You probably already know the vernal equinox is the day when the sun rises exactly in the East and sets exactly in the West, so that daytime and nighttime are very nearly equal. The earth’s tilt on that day is 0º.

Now the wonky factor increases. You certainly know that we correct for minor flaws in the 365-day year by adding in a day to February every four years. So years divisible by 4 are leap years (in addition to being U.S. presidential election years – but let’s not go there today). What you might not know is that years divisible by 100 are not leap years. (Wait – most wonky coming right up.) So no February 29 in 1900 or 1800 or 1700. But if a year is divisible by 400, we get leap day back. That’s why we had one in 2000.

The point here is that solstices and equinoxes do a little bit of creeping ahead throughout each century, and then at the end of the century, the loss of leap day adjusts for the creep by pushing them back. But we didn’t lose the leap day in 2000, so the equinox has kept up its 100-year-old crawl forward. In 1947, for example, the vernal equinox was at 5:12 a.m. on March 21.

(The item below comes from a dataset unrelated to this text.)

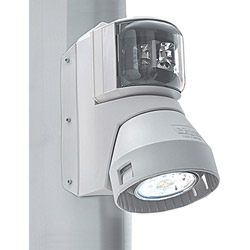 Aqua Signal Series 43 LED Masthead / Foredeck Combi-Light - White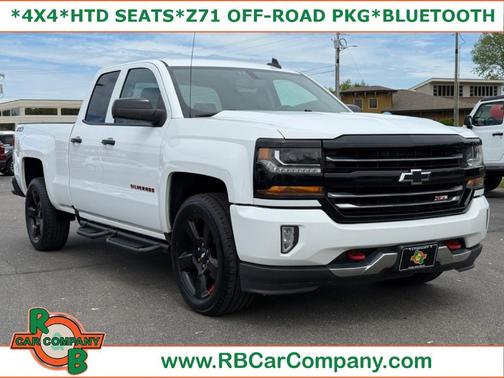 2017 Chevrolet Silverado 1500 1LT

This year, depending on your time zone, the first day of spring begins sometime on either Saturday, March 19th (today!), or Sunday, March 20th. For the Universal Time Coordinate (formerly called Greenwich Mean Time), spring begins at 4:30 a.m. on Sunday. For us here in Austin, it starts at 11:30 p.m. tonight, and for my New Jersey daughter-in-law, who has been counting the days since some time in January, the shift happens at 12:30 a.m. on Sunday.

The bottom line? This will be the earliest First Day of Spring since 1896. (And I want to thank the folks at, home of The Old Farmer’s Almanac, for all this great information.) Now, aren’t you glad you stopped by?

Citrus Delight

Another really great thing about March is that the season for citrus fruits is still happening. I was in my local fancy grocery store last week and was almost overcome with the fun variations on oranges, lemons, and limes there. Today’s collection includes Meyer lemons (thinner skinned and sweeter than regular lemons, and one of my all-time favorite dessert fruits), sweet limes (larger and thinner skinned than regular limes, and so mild you can eat the skin), and kumquats, which are completely new to me. But it’s my year of eating dangerously, so I decided to try them.

Do you know kumquats? Small, sweet-tart, and tender. Eat them whole, but watch out for the seeds. So I was thoroughly enjoying them raw, but was wondering what I could do to prolong the experience. Then I saw a recipe for candied kumquats. They looked so darling and jewel-like that I had to try it. My, my – they are yummy that way. Add them to your morning yogurt or cottage cheese, spoon them over vanilla ice cream, or add them to a smoothie. I’ve tried it all. And my goal of extending their life in my kitchen is failing miserably, as I keep sneaking into the fridge to spoon a couple out of the jar.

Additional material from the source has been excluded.